(Crawled caption data)
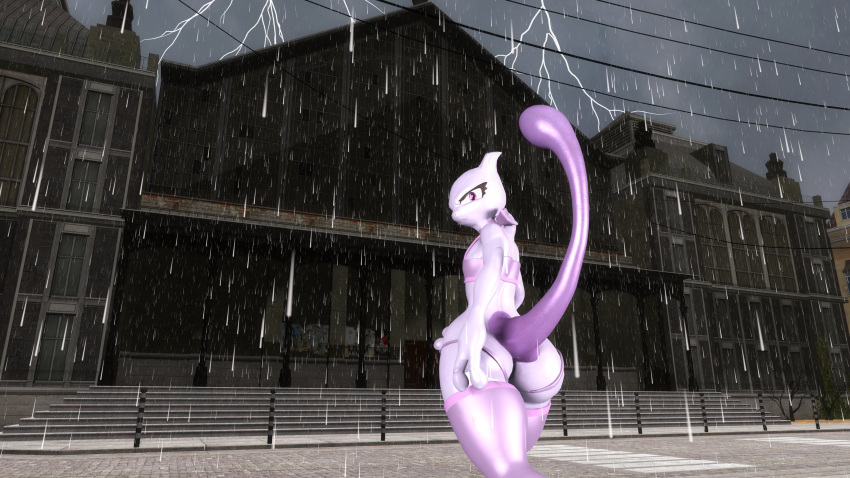 absurd_res anthro ass bubble_butt city_17 generation_1_pokemon hi_res legendary_pokemon light lighting male male/male mewtwo nintendo pokemon pokemon_(species) raining skelefoxdesign solo thunder train_station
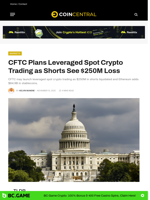 CFTC Plans Leveraged Crypto Trading as Shorts See $250M Loss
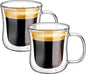 ecooe Espresso Cups 4 Oz Double Walled Glasses Coffee Mugs Set of 2, Insulated by ecooe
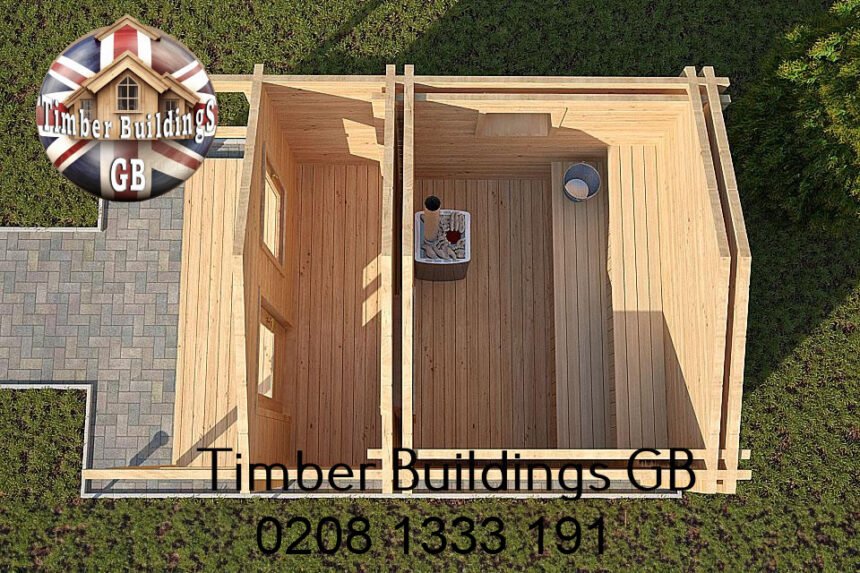 Log Cabin Sauna Twin Skin Hoveringham 3m x 3.5m + 1m / 9.84ft x 11.48ft ...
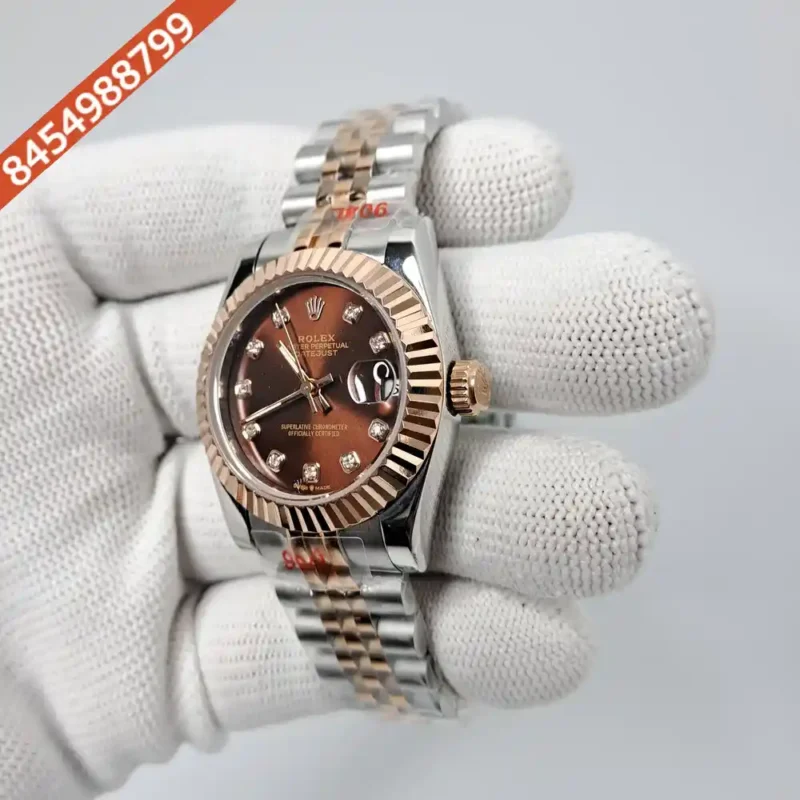 Rolex Date-Just Dual Tone Brown Dial Diamond Marker Swiss Automatic Watch - Image 3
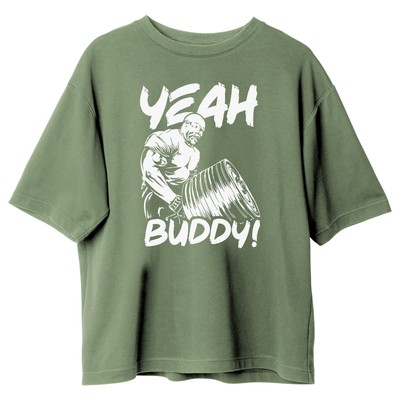 Yeah Buddy Olive Green  T-Shirt 100% Cotton Slim Fit Gym Streetwear Casual Tee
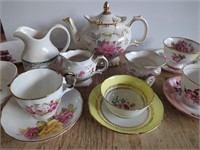 Luxury Royal China w/ Teapot, Cups, Saucers,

### [EXERCISE GOAL]
The images are to be left out while the entries are written out exactly.

### [RESPONSE]
 absurd_res anthro ass bubble_butt city_17 generation_1_pokemon hi_res legendary_pokemon light lighting male male/male mewtwo nintendo pokemon pokemon_(species) raining skelefoxdesign solo thunder train_station
 CFTC Plans Leveraged Crypto Trading as Shorts See $250M Loss
 ecooe Espresso Cups 4 Oz Double Walled Glasses Coffee Mugs Set of 2, Insulated by ecooe
 Log Cabin Sauna Twin Skin Hoveringham 3m x 3.5m + 1m / 9.84ft x 11.48ft ...
 Rolex Date-Just Dual Tone Brown Dial Diamond Marker Swiss Automatic Watch - Image 3
 Yeah Buddy Olive Green  T-Shirt 100% Cotton Slim Fit Gym Streetwear Casual Tee
 Luxury Royal China w/ Teapot, Cups, Saucers,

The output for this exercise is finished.